PnET-Succession was officially released on the LANDIS-II website in August 2015.

Literature Cited

Aber JD, SV Ollinger, CA Federer et al. 1995. Predicting the effects of climate change on water yield and forest production in the northeastern United States. Climate Research 5:207-222.

Cuddington K, Fortin M-J, Gerber LR, Hastings A, Liebhold A, O’Connor M, and Ray C. 2013. Process-based models are required to manage ecological systems in a changing world. Ecosphere 4, 20,

De Bruijn A., Gustafson E.J., Sturtevant B.R., Foster J.R., Miranda B.R., Lichti N.I., Jacobs D.F. 2014. Toward more robust projections of forest landscape dynamics under novel environmental conditions: embedding PnET within LANDIS-II. Ecological Modelling 287:44–57.

Gustafson EJ. 2013. When relationships estimated in the past cannot be used to predict the future: using mechanistic models to predict landscape ecological dynamics in a changing world. Landscape Ecology 28:1429-1437.

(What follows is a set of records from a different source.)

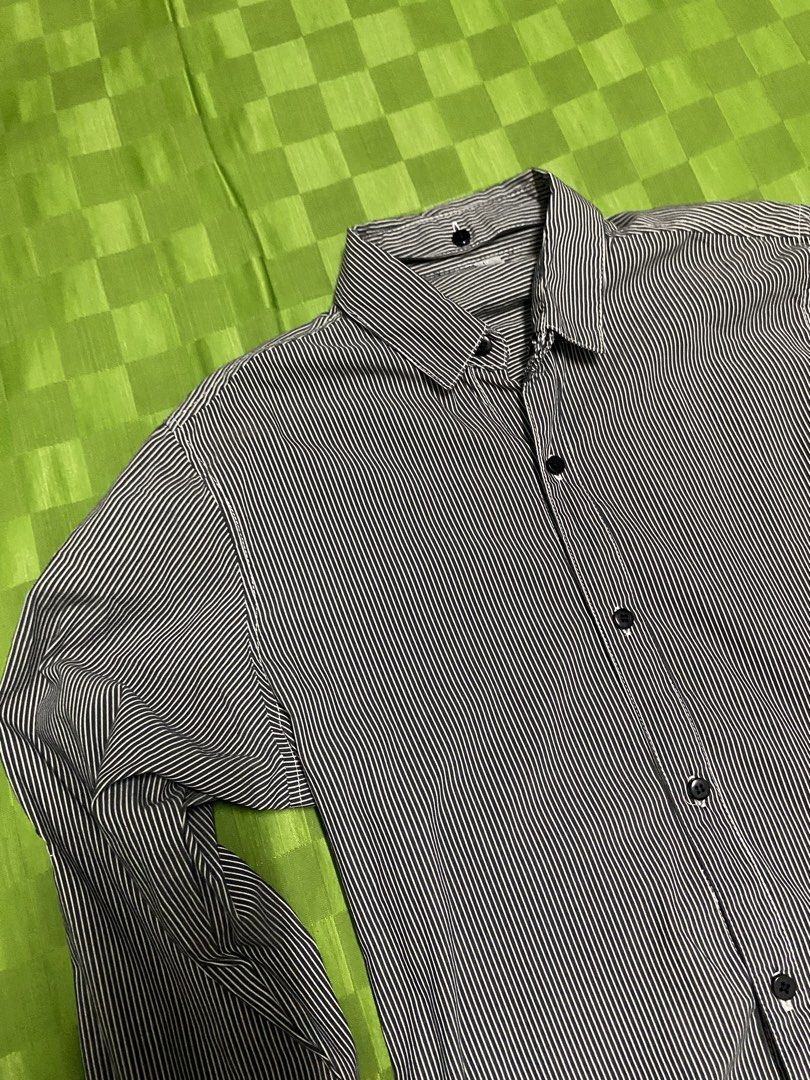 Men's Striped Long Sleeve Button-Up Shirt (Category: Tshirts & Polo Shirts ) located in Quezon City. Submitted by virginsuicide333 (Listing ID 1444226622, Image 3). Description: - Classic black and white striped long sleeve shirt - Button-up front with black buttons - Roll-up sleeve tabs for adjustable length - Removable collar - Fits S-M.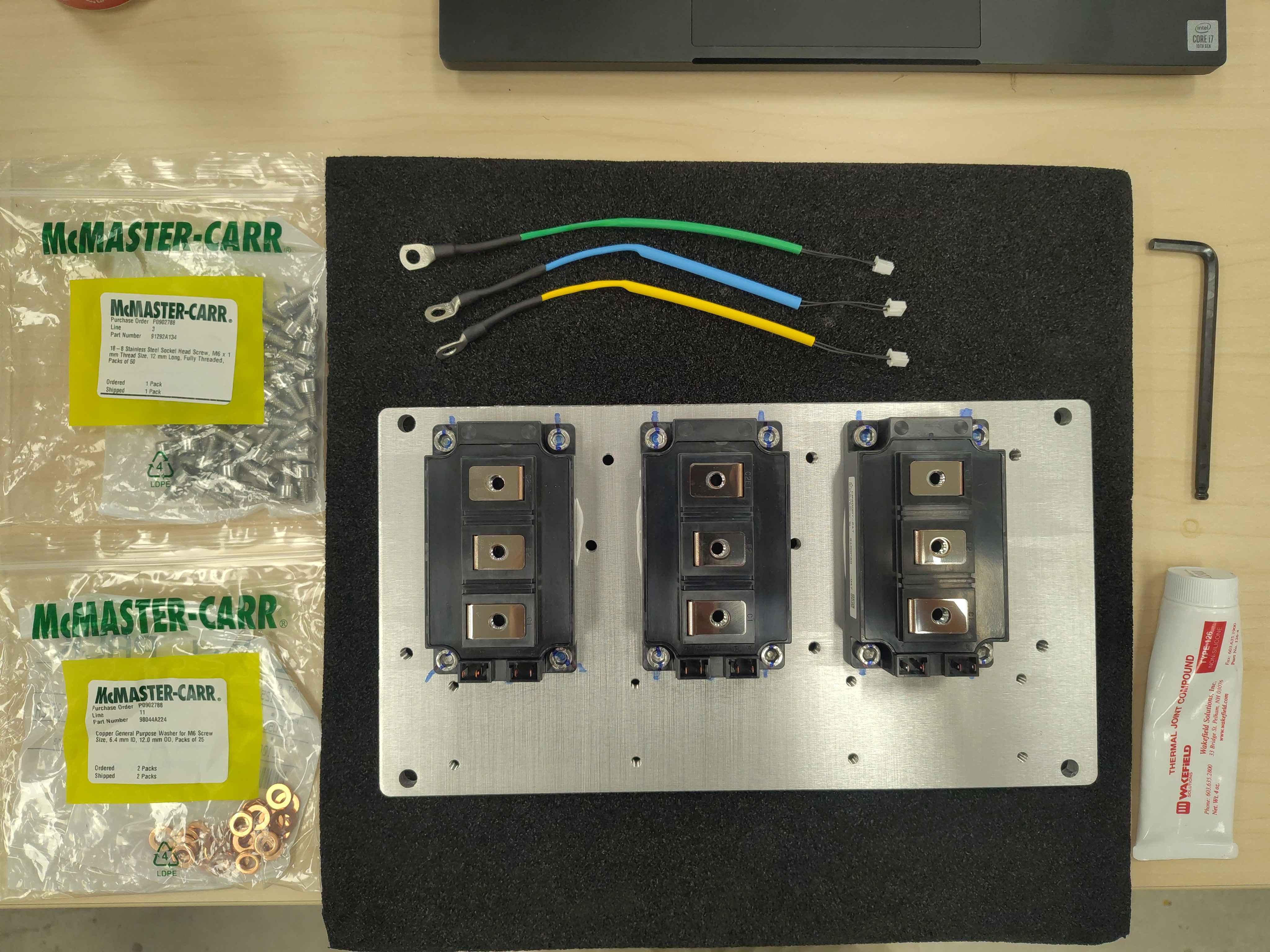 Temperature sensors, screws, washers, and thermal paste laid out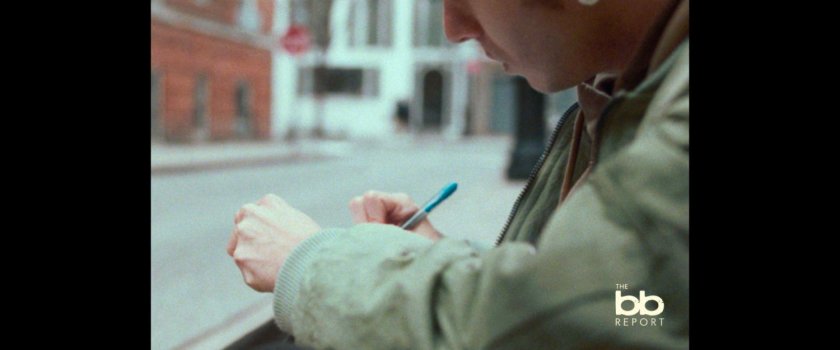 BB Report: man writing in journal.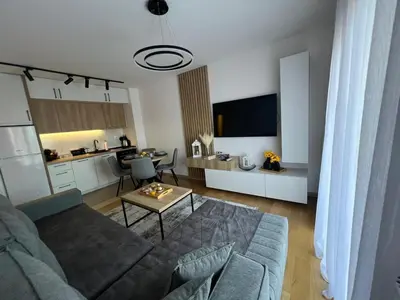 a living room with a couch and a table at Apartman S in Vrnjci
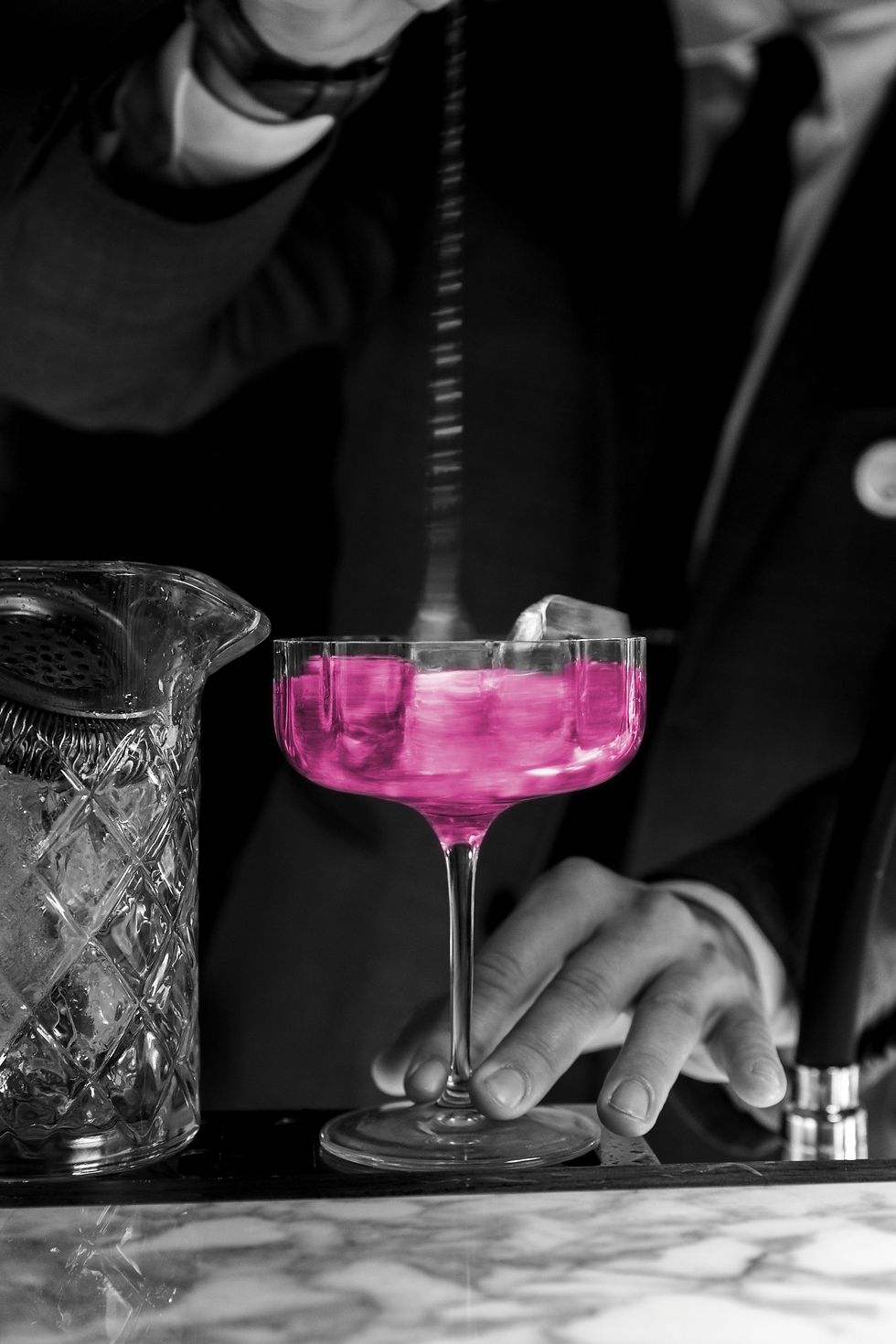 Black and white photo of bartender stirring cocktail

Gustafson, E.J., A.M.G. De Bruijn, M.E. Kubiske, R. E. Pangle, J.-M. Limousin, N. McDowell, B.R. Sturtevant, J. Muss, W. T. Pockman. 2015. Integrating ecophysiology and forest landscape models to better project drought effects under climate change. Global Change Biology 21:843–856, doi: 10.1111/gcb.12713.

Gustafson, E.J., A.M.G. De Bruijn, B.R. Miranda, B.R. Sturtevant. in review. Mechanistic modeling of drought effects on landscape forest succession. Ecosphere.

Gustafson, E.J., A.M.G. De Bruijn, B.R. Sturtevant, B.R. Miranda. in prep. Using first principles to increase the robustness of forest landscape models for projecting climate change impacts. Outlet TBD.

Keane RE, Miller C, Smithwick E, McKenzie D, Falk D, Kellogg L. in press. Representing climate, disturbance, and vegetation interactions in landscape models. Ecological Modelling.

McDowell NG, Fisher RA, Xu C, et al. 2013. Evaluating theories of drought-induced vegetation mortality using a multimodel–experiment framework. New Phytologist 200:304–321.